Read Rows as loading address to generate data sets

YKU · Posted 12-24-2019 11:03 AM

Hi

I am new to SAS and will need some bits of help.

I got a table with a data location address and want to read it as an input to generate contents tables from these addresses. Could anyone give me a hint?

Structure:

1. Each file has similar headers, but not identical. For example, some file contains var1-100 but others might only have var35- 95.

2. No file to define formate of each variable

File_Name sample

C:\this\is\where\data\located\abcd.csv

Ultimate Goal:

The goal is not to tack all data but build a data dictionary for all files, including var name, types, var range, filename, address, etc. Might be able to do through Proc Contents?

Many Thanks

ballardw · Posted 12-24-2019 11:59 AM

This sounds like you are requesting how to read the CSV files into one or more SAS data sets.

Are all of these CSV files of the same structure? Which means that the columns have the same order and content type (text, numeric, date, or what have you value.

Does each file have a single header row of column labels, no header row, or multiple rows?

Do you have document that describes what should be in each column? Such as maximum length of text or the format of date or time fields?

And are these data sets supposed to be combined in any way after creation?

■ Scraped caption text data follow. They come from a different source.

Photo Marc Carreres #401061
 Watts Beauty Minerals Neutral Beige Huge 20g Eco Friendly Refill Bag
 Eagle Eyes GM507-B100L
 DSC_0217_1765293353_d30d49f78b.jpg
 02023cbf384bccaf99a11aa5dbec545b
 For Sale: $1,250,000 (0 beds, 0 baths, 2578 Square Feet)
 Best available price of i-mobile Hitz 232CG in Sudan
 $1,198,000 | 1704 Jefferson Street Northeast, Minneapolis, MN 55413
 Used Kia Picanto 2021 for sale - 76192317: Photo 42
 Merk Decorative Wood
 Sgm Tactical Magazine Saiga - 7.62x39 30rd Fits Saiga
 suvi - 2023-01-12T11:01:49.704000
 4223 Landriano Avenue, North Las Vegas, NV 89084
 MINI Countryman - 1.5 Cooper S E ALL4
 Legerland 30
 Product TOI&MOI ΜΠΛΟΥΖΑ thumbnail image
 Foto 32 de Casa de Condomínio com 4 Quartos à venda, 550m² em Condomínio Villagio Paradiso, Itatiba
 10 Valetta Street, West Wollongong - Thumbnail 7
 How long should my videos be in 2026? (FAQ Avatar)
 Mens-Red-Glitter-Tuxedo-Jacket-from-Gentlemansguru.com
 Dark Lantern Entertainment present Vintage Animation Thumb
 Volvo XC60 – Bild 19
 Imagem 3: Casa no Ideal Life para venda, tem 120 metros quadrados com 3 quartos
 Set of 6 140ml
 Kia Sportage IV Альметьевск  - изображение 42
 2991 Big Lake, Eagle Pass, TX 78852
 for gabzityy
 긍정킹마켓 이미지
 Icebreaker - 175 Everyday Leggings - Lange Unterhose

These questions go into how much detail will be needed to be successful. A single file may not be much of an issue but if these are supposed to be related you would want a process that allows combining data and what may work for a single file might have issues when working with multiple files.

When you have the names of the files it is moderately easy to use them for this purpose but the details can matter as to how they are used.

YKU · Posted 12-24-2019 12:11 PM

Thank you so much, I updated my questions as above.

ballardw · Posted 12-24-2019 01:00 PM

It would be best if your data set with the file_name also had the dataset name you would like to use for it. We can attempt to build a data set name based on the input string but if you have more than one folder represented you may not have unique names in the "abcd.csv" part and if the length of the last part is too long then there may be similar issues with truncating to the maximum length that SAS allows for data set names. Also if the data is to go into different libraries then having that in the name would be best.

Here is an example of generating Proc Import code for each set since you say that you have differing file structures.

data _null_;
   set yourdataset;
   length fname $200. outname $ 41;
   fname= quote(strip(file_name));
   outname= catx('.','work',scan(file_name,2,'.\','b'));
   call execute ("Proc import data=");
   call execute (fname);
   call execute ('out=');
   call execute (outname);
   call execute ('Replace;
     delimiter=",";
     getnames=Yes;
     guessingrows=max;
     run;');                 
run;

Replace 'yourdataset' with the name of the data set that you have the file names in.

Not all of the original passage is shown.